The cooking, a typical act of female gender roles, takes place under the commandment of the cameraman. It is all being done to satisfy the man’s eyes, his gaze, his desire. The elderly lady is forced to perform, but it is this involuntariness which renders it all rather unnatural. Nonetheless, the lady shows resistance by menacingly cutting up phallic objects, such as the sausages, and cooking up a nasty, unappealing dish. The foul food alludes to the decaying façade of gender roles. They all supposedly had their purposes and were thought to be necessary for the functioning of society, but within the last few decades or so, more evidence has surfaced and proven how toxic and oppressing they can be for the development of personality and women’s freedom. All of these negative consequences are delicately present in the music video and to me, it concludes that gender roles are ideals from the past rotting away, just like the food that looks at least fifty years old.

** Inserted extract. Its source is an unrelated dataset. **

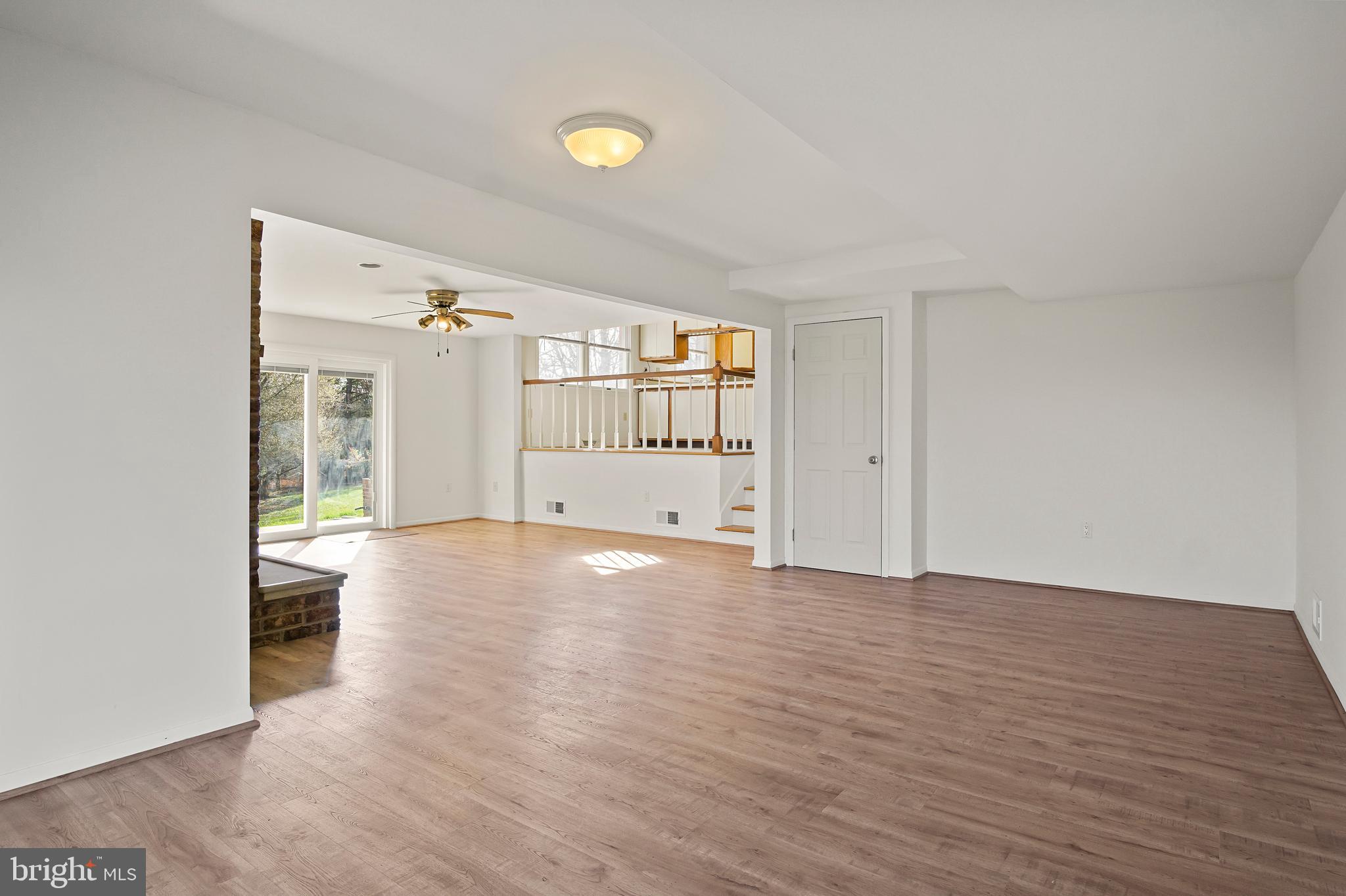5703 Red Hill Road Keedysville, MD 21756 - Photo 23 of 62 Family room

The male gaze makes its second appearance in ‘Silvertonic’. Once again, we are on a film set, but this time the scenario is a fitness video shooting presented by a brawny trainer who instructs his skinny trainee. Throughout the video, the young man is struggling to get through a number of intensive exercises while the trainer keeps a cold, unmoved face and continues to command him around. In-between the exercises, the trainee drinks a silvery potion, probably a sort of protein-shake to boost his muscle growth. The music video is topped up with shots of the trainer flexing his chiselled body in typical bodybuilding positions, captured by the cameraman with a dirty smirk on his visage. Even though this video is not as rich in disturbing subtleties as the previous video does not mean it is any less interesting.
The video clearly focuses on the male body ideal of being muscular. This intention of focus is efficiently highlighted in the shots illustrating both men flexing their contrasting bodies. It shows the enormous transformation that a man is expected to go through and the cameraman’s perverse grinning unveils that the idea of having a buff predator body is also a construction of the male’s desire to dominate. The trainer’s apathetic orders reflect macho men’s merciless pressure given by macho men who do not have arms like boa constrictors or the ability to choke a cow to death with the mere force of their biceps. The silvertonic in the video outlines the strangeness of protein shakes. If you think about it, these drinks are substitutes for a lack of ingested protein meaning that you are incapable of eating the amount of food that is required to bloat your supposed muscles: a tiny sign that you wish to exceed the nature of your body. Still, it is this striving for unnaturalness that is the ideal every man is presumed to pursue.
So, throughout both videos, Ulrika Spacek demonstrates how the male gaze sets standards for both genders and that the obligement to conform to these roles is simply an undesired pain in the ass. If you like their messages and are also into bands like Sonic Youth, Deerhunter or Pavement, then I highly recommend that you give the band a listen and perhaps you will also grow fond of them.